It was a long night, and we still don't know all of the election results, but here's what we do know: the LGBTQ+ community showed up at the polls and on the ballots!
According to a recent report by the Human Rights Campaign, in the 2022 Midterm election, LGBTQ+ identified people accounted for one-in ten (11.3%) people in the voting eligible population in the United States. By 2030 approximately one-in-seven voters will identify as LGBTQ+.
For the first time in the nation's history, Americans from all 50 states and the District of Columbia had the opportunity to elect an LGBTQ+ person to public office during the 2022 elections. Some noteworthy statistics:
- According to early exit polling, LGBTQ+ voters turned out in larger numbers than in previous midterm elections and supported pro-equality candidates in high numbers.
- Voters in Massachusetts elected their first openly lesbian governor - Maura Healey.
- In Vermont, Becca Balint is the first woman and the first lesbian from the state to head to Congress.
- Jared Polis claimed victory in Colorado, becoming the first openly gay man to be elected then re-elected to a governorship in the US.
- Maryland elected Wes More as their first Black governor.
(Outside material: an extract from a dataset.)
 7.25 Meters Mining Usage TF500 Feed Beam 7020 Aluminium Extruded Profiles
He is also a strong LGBTQ+ ally.
- Numerous transgender and non-binary people were elected to public office, including Sarah McBride as a state senator in Delaware, and James Rosener, who became the first trans man elected to any state legislature. He now represents New Hampshire’s 22nd state House District, Ward 8.
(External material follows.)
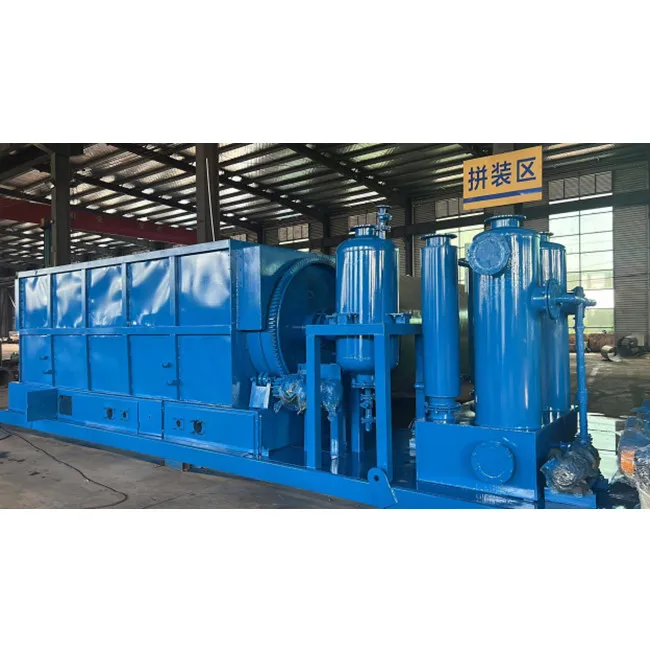 Pollution-Free Pyrolysis Oil Machine Make Waste Plastic to Fuel with Diesel Burner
- In a special election earlier this year, Keturah Herron became the first out LGBTQ+ person ever elected to the Kentucky State House. In the midterms, Herron ran for reelection unopposed.
- Christian Manuel-Hayes and Venton Jones have become the first out Black LGBTQ+ men ever elected to the Texas state legislature.
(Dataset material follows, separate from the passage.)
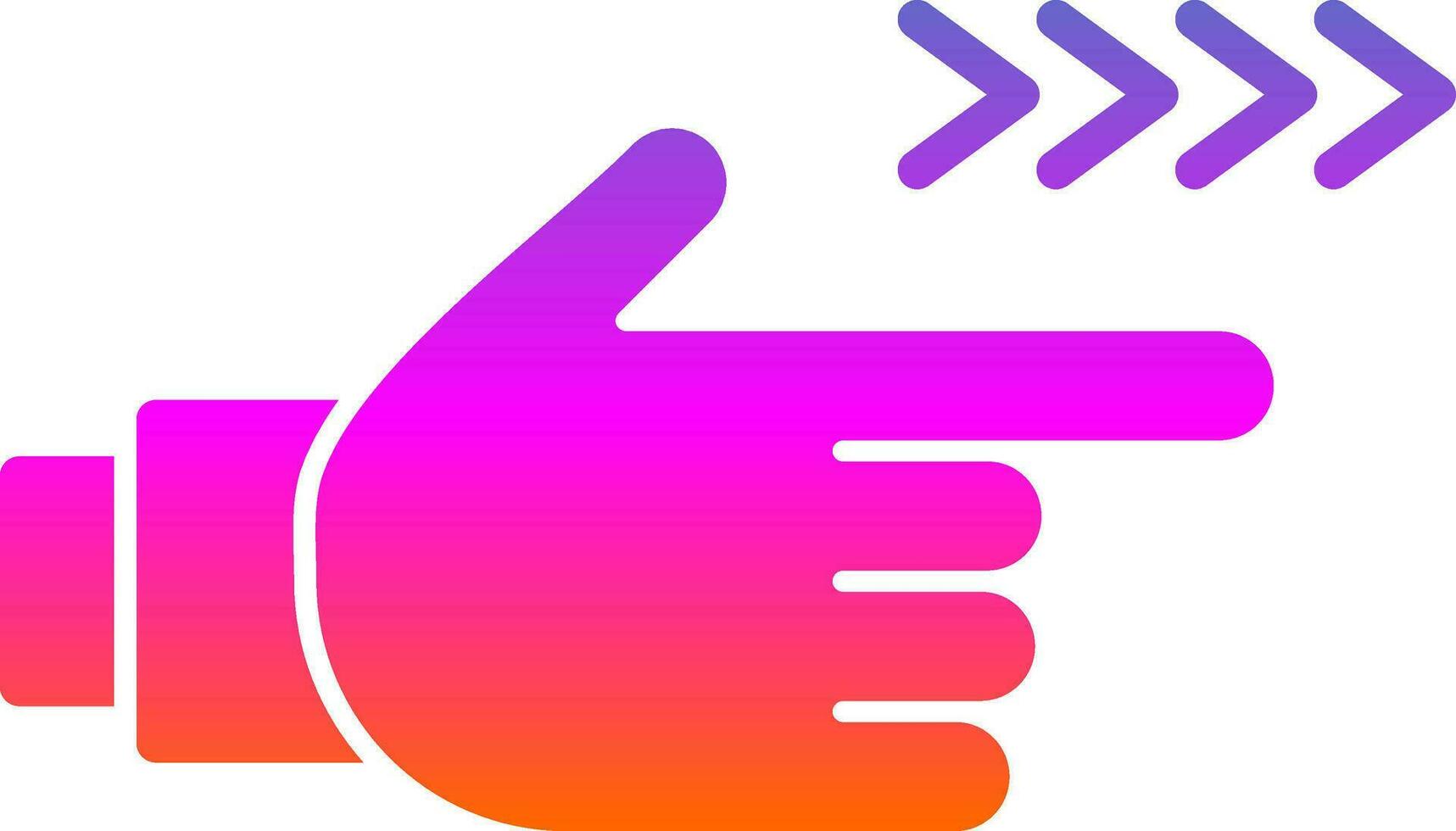 Right Arrow Vector Icon Design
- Jason Hoskins has the distinction of being the first out LGBTQ+ person of color elected to Michigan’s state legislature.
We know that state legislatures will continue to try to pass anti-LGBTQ+ legislation. But your votes for representatives who support equality for ALL Americans is a strong reminder that LGBTQ+ people exist everywhere, and we will continue to work toward nondiscrimination protections in every aspect of our lives.